Indeed, if the lack of self-control is sufficiently serious, it would be worth paying someone to force us to save. For example, we might prefer to run the risk that the mortar on our freshly built walls might get washed away by the rain so that wouldn’t have to keep the cash on hand and risk that we might, on a whim, use it all for a party. And somewhat paradoxically, some MFI clients may borrow in order to save. A woman we met in a slum in Hyderabad told us that she had borrowed 10,000 rupees ($621 USD PPP) from Spandana and had immediately deposited the proceeds of the loan in a savings account. Thus, she was paying a 24 percent annual interest to Spandana, while earning about 4 percent on her savings account. When we asked her why this made sense, she explained that her daughter, now sixteen, would need to get married in about two years. That 10,000 rupees was the beginning of her dowry. When we asked her why she had not opted to simply put the money she was paying to Spandana for the loan into her savings account directly very week, she explained that it was simply not possible: Other things kept coming up.
We were still bothered by this rather unusual arrangement and kept asking questions. This attracted a group of other women, who were patently amused by our ignorance. Didn’t we know that this was a perfectly normal thing to do?
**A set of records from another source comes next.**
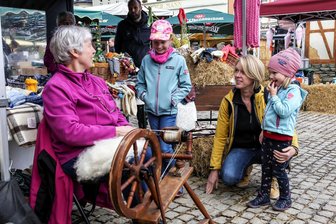 Wo sich noch das Spinnrad dreht: Bauernmarkt in Annaberg ein Ort zum Entdecken - Viel zu entdecken auf dem Herbstmarkt gab es für Famile Nestler und andere bei Gerlinde Theumer am Spinnrad.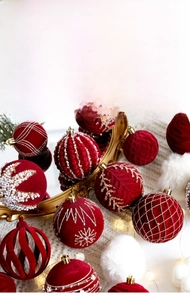 Close-up of deep red flocked Christmas balls with pearl inlay and golden glitter details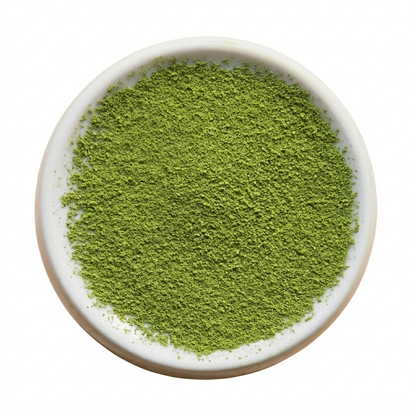 Green powder in a white bowl on a white background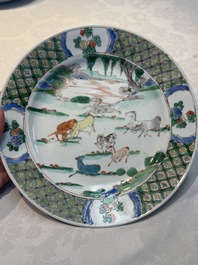 A Chinese famille verte 'Eight Horses' plate, Kangxi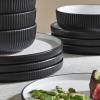 imageChristian Siriano Laro 12Piece Stoneware Dinnerware Set Plates and Bowls Set Microwave and Dishwasher Safe Dish Set for 4 GreenBlack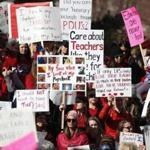 Teachers and supporters held up placards during a rally in Denver this week. 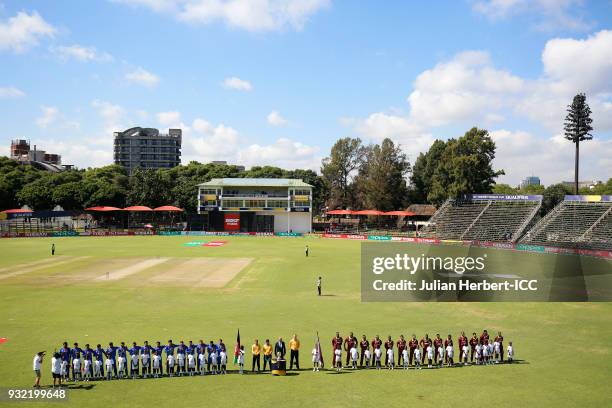 The teams line up for the national anthems before The ICC Cricket World Cup Qualifier between The West Indies and Afghanistan at The Harare Sports...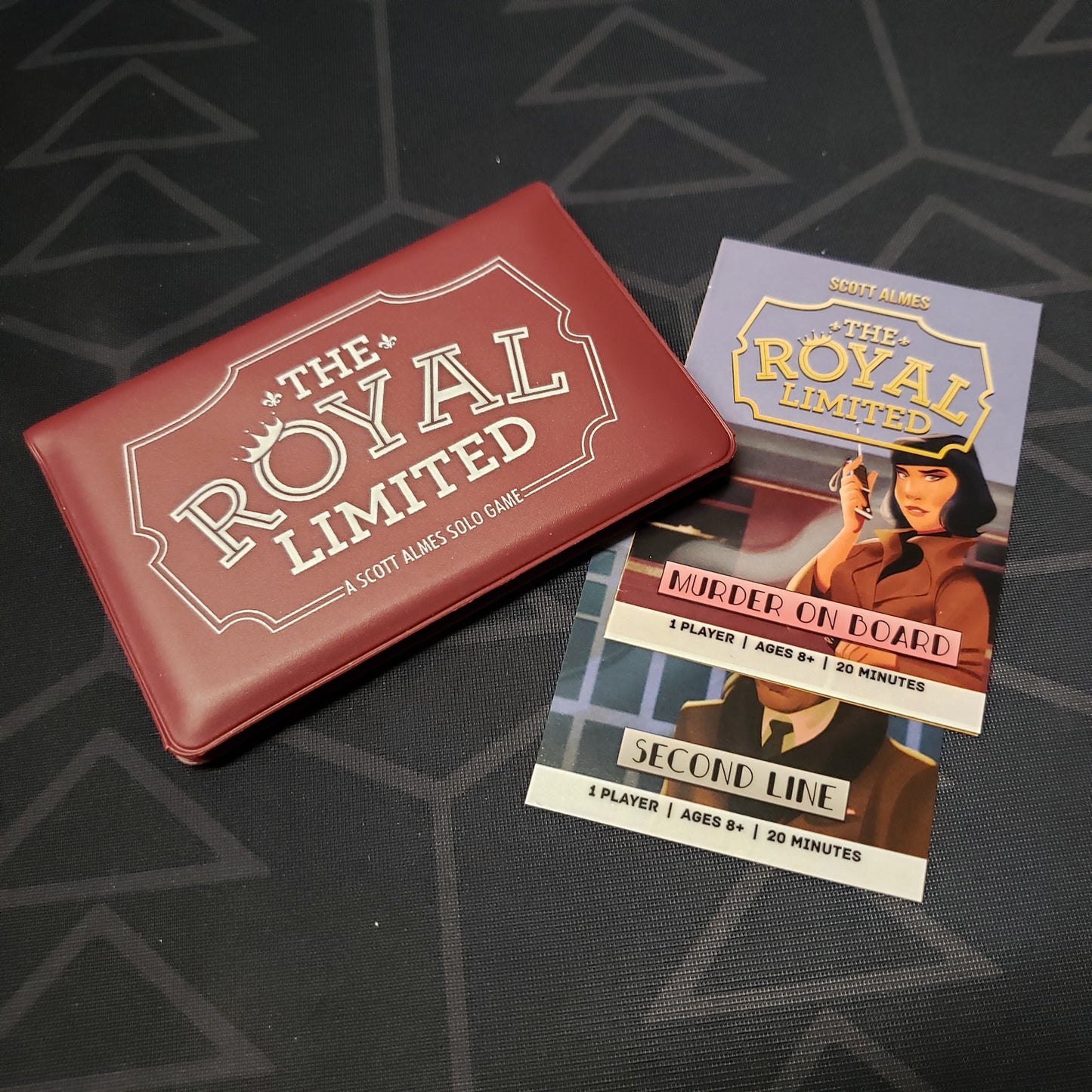 Image shows the front of the card wallet for the card game The Royal Limited, with the Murder on Board & Second Line expansions sitting next to it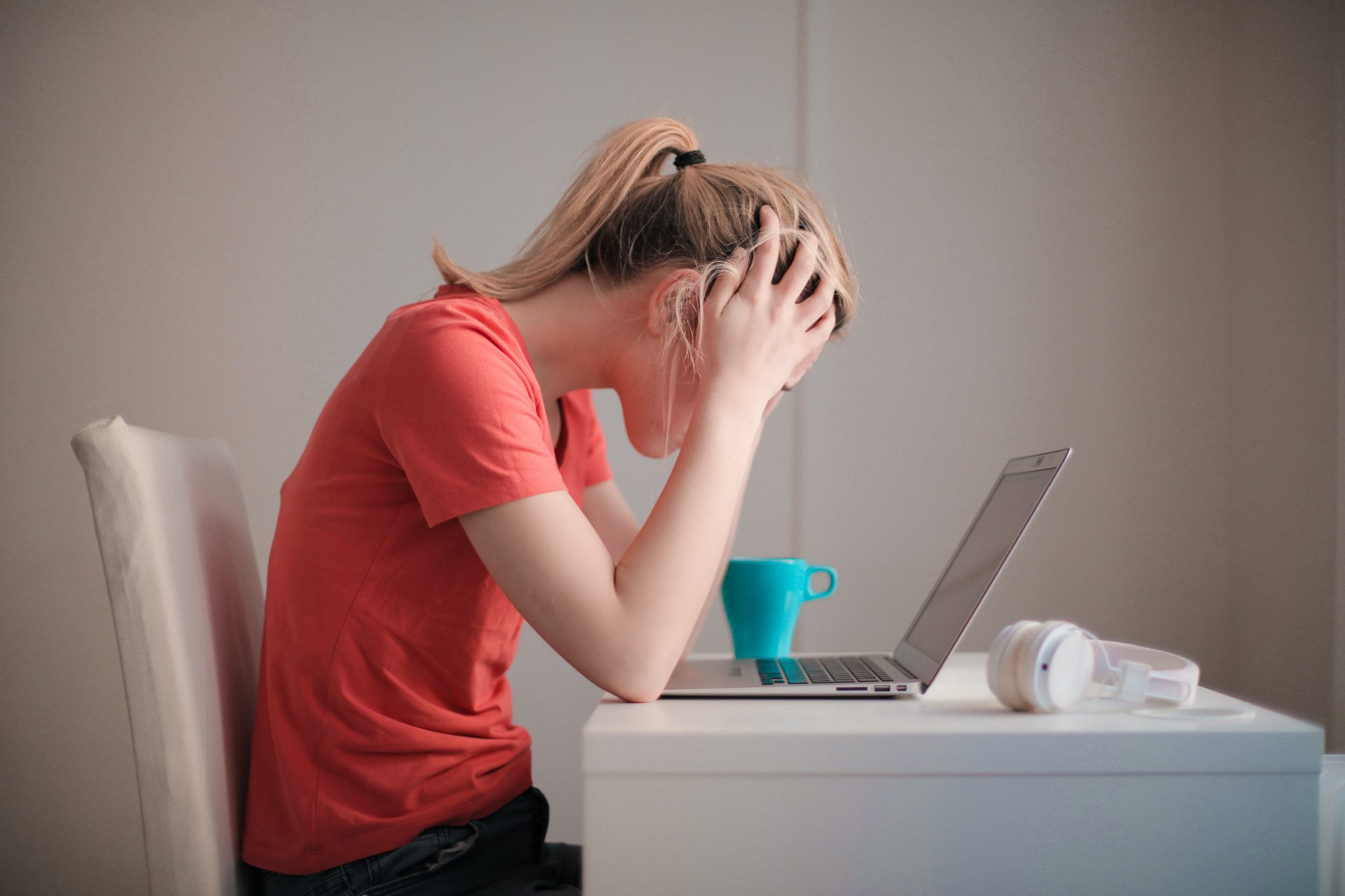 woman-in-red-t-shirt-looking-at-her-laptop-3755761-scaled-1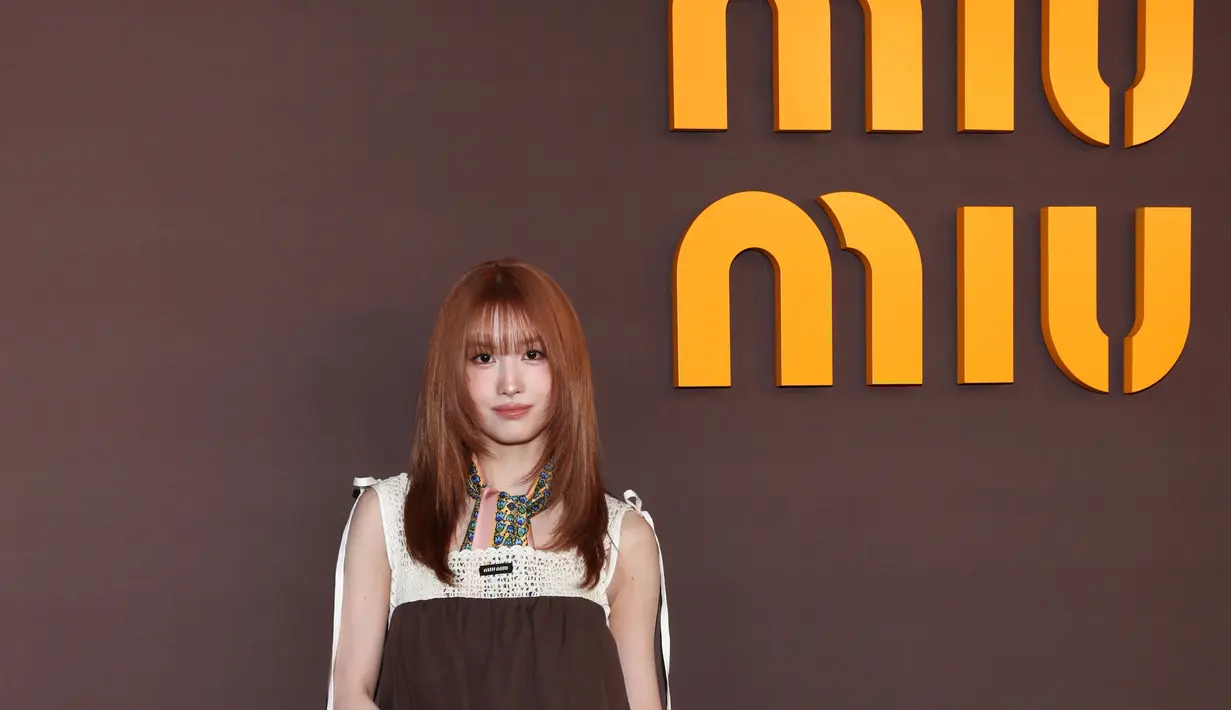 Momo TWICE tampil dengan gaya playful bernuansa vintage. Ia mengenakan mini dress cokelat bersiluet babydoll yang dipadukan dengan panel rajut krem pada bagian atas. Aksen scarf bermotif warna-warni di leher menambah sentuhan retro yang khas. [Dok/Miu Miu].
The point, as we eventually figured out, is that the obligation to pay what you owe to Spandana – which is well enforced – imposes a discipline that the borrowers might not manage on their own.
The other story from Banerjee and Duflo’s book, Psychology of Savings – How the Poor Save to Buy Fertilizer, highlights a different technique of discipline. It’s sometimes useful to ask the question – would rich or middle-income people do things differently? As far as savings are concerned, even middle-income people find it equally hard to save. The power of default – i.e. deducting a fixed percentage from salaries for Provident Fund, recurring deposits, etc., by automatically deducting the savings amount even before it reaches the job earner’s hand, works. Designing (and making available) financial products that share the commitment features of the microfinance contracts, without the interest that comes with it, could be of great help to poor people. Are there any out there?